----- Materials provided -----

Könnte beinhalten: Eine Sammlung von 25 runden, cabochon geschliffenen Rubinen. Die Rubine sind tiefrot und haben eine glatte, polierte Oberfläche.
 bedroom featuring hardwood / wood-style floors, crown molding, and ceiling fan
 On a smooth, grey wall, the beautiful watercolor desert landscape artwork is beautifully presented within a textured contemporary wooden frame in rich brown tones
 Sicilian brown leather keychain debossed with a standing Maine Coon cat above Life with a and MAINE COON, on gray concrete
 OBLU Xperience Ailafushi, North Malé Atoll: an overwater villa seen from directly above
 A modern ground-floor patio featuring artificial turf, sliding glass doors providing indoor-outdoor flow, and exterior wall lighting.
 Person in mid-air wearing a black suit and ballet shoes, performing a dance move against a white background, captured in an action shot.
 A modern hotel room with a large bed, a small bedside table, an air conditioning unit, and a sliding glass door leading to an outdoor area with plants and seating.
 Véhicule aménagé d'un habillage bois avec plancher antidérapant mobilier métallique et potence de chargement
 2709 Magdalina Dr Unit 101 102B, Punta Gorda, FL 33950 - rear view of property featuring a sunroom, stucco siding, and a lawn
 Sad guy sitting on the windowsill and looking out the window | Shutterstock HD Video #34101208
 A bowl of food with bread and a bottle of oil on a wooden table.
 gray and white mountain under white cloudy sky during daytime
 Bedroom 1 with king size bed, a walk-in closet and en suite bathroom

-----

**Task to complete:** Go through the data and show each line that holds "featuring".

**Task answer:**
 bedroom featuring hardwood / wood-style floors, crown molding, and ceiling fan
 A modern ground-floor patio featuring artificial turf, sliding glass doors providing indoor-outdoor flow, and exterior wall lighting.
 2709 Magdalina Dr Unit 101 102B, Punta Gorda, FL 33950 - rear view of property featuring a sunroom, stucco siding, and a lawn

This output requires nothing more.